**PROVIDED INFORMATION**
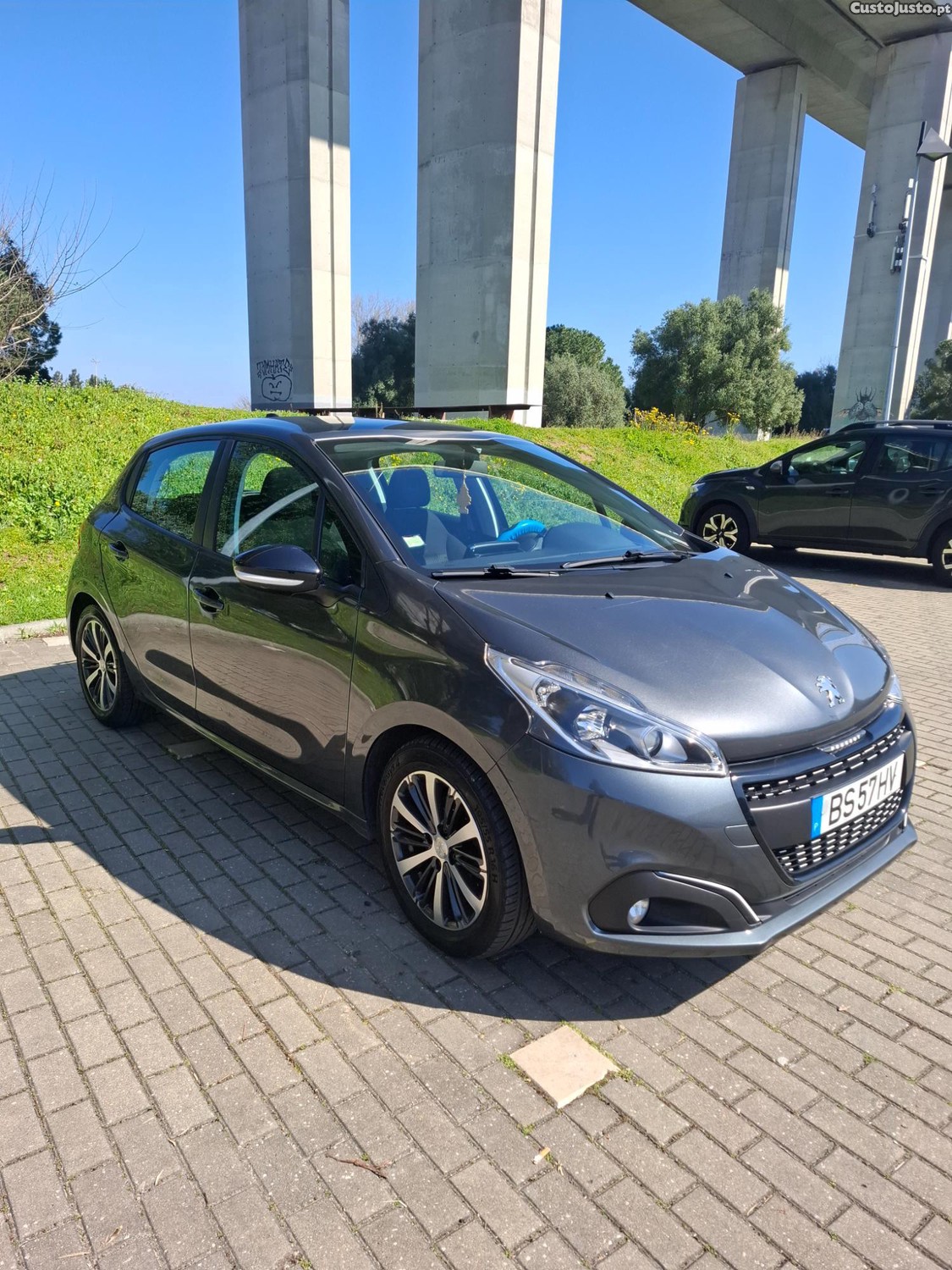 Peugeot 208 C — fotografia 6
==
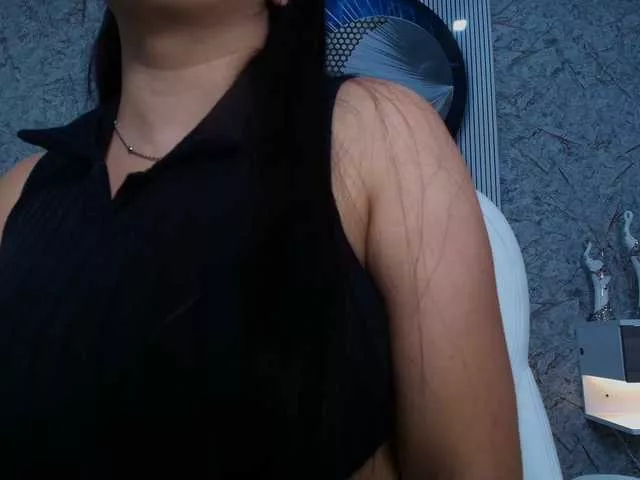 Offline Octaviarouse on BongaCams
* * *
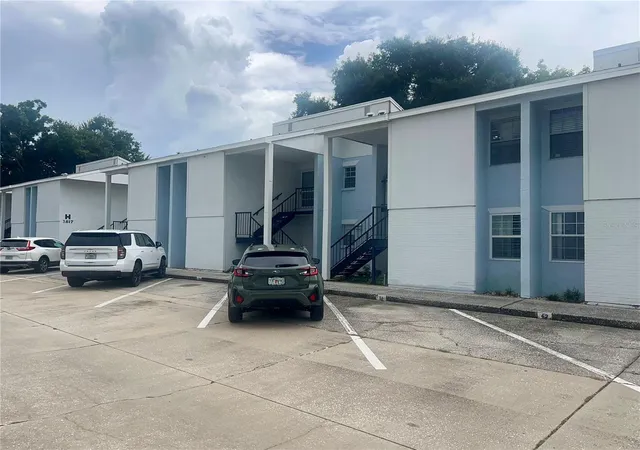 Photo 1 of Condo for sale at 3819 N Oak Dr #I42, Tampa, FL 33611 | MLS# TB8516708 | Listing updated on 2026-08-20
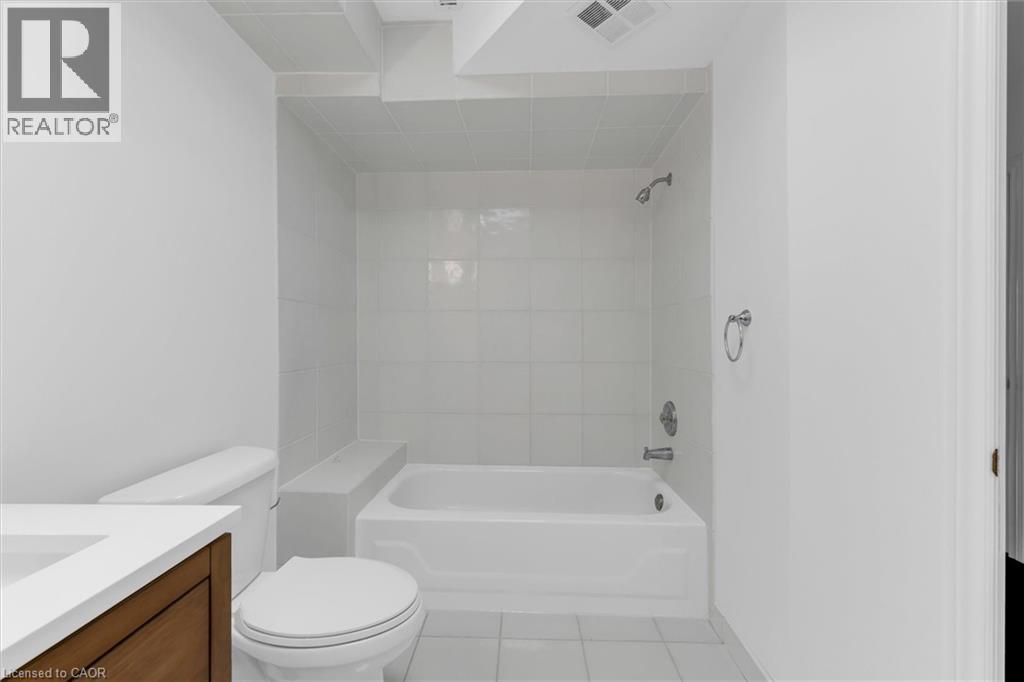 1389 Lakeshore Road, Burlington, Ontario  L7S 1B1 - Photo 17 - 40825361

**TASK DIRECTIONS**
Only the lines above from the one containing "Photo 1 of Condo" through the one containing "1389 Lakeshore Road, Burlington, Ontario" should be returned, verbatim and inclusive, with pictures excluded.

**RESULT OF THE EXERCISE**
 Photo 1 of Condo for sale at 3819 N Oak Dr #I42, Tampa, FL 33611 | MLS# TB8516708 | Listing updated on 2026-08-20
 1389 Lakeshore Road, Burlington, Ontario  L7S 1B1 - Photo 17 - 40825361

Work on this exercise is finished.